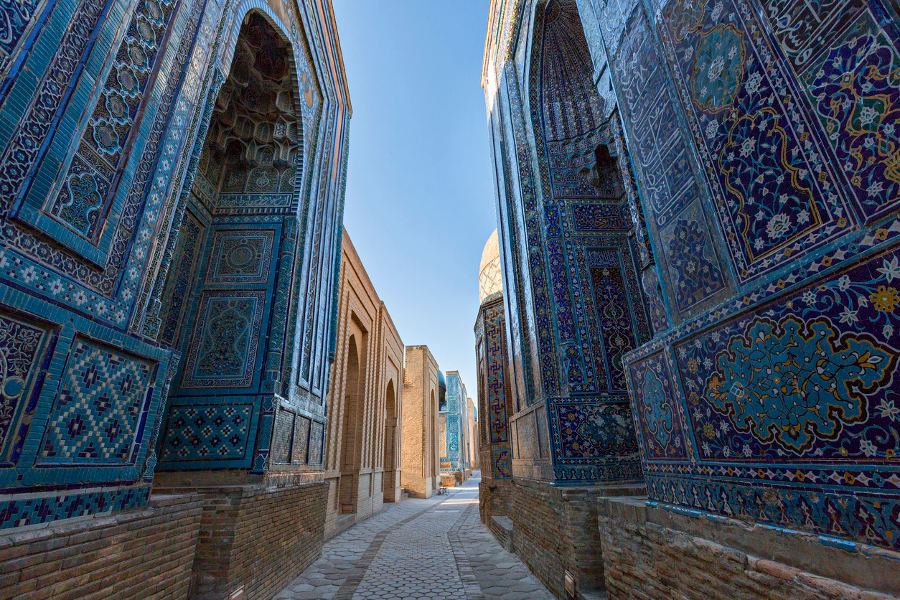 Experience the ancient traditions and history of Samarkand, which have been preserved in its architecture and treasured crafts ― still practiced today.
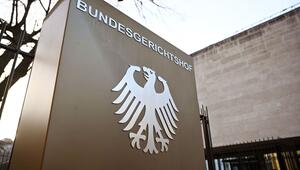 Schild mit Bundesadler und dem Schriftzug Bundesgerichtshof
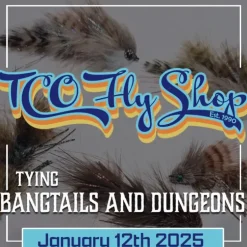 TCO Fly Tying Class: Bangtails and Dungeons - State College - Your Premium Fishing Gear Store Rods Lines Baits Accessories^ Cheap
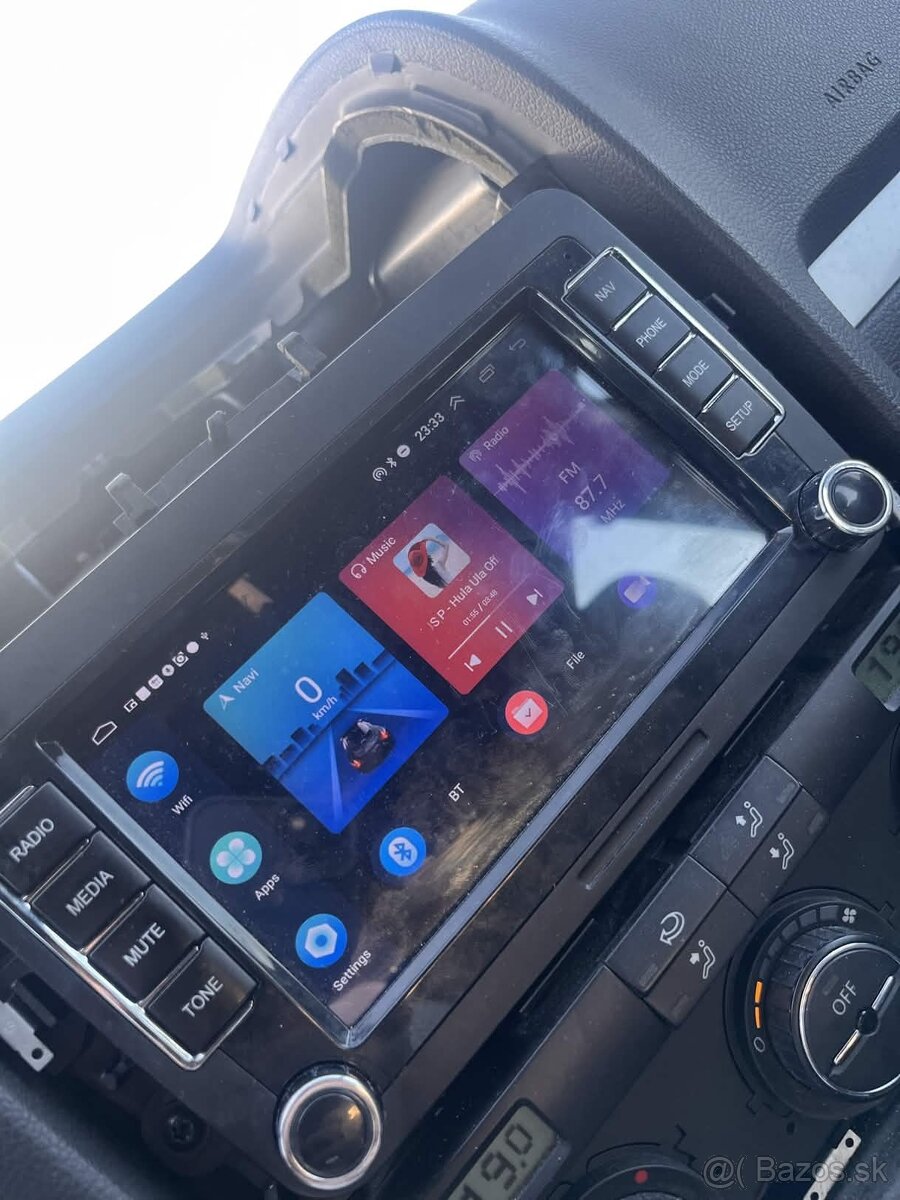 Autorádio android - 11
· · · ·
■ Exercise directions ■
Leaving out the pictures, reproduce the whole listing above exactly.

■ Your response ■
 Experience the ancient traditions and history of Samarkand, which have been preserved in its architecture and treasured crafts ― still practiced today.
 Schild mit Bundesadler und dem Schriftzug Bundesgerichtshof
 TCO Fly Tying Class: Bangtails and Dungeons - State College - Your Premium Fishing Gear Store Rods Lines Baits Accessories^ Cheap
 Autorádio android - 11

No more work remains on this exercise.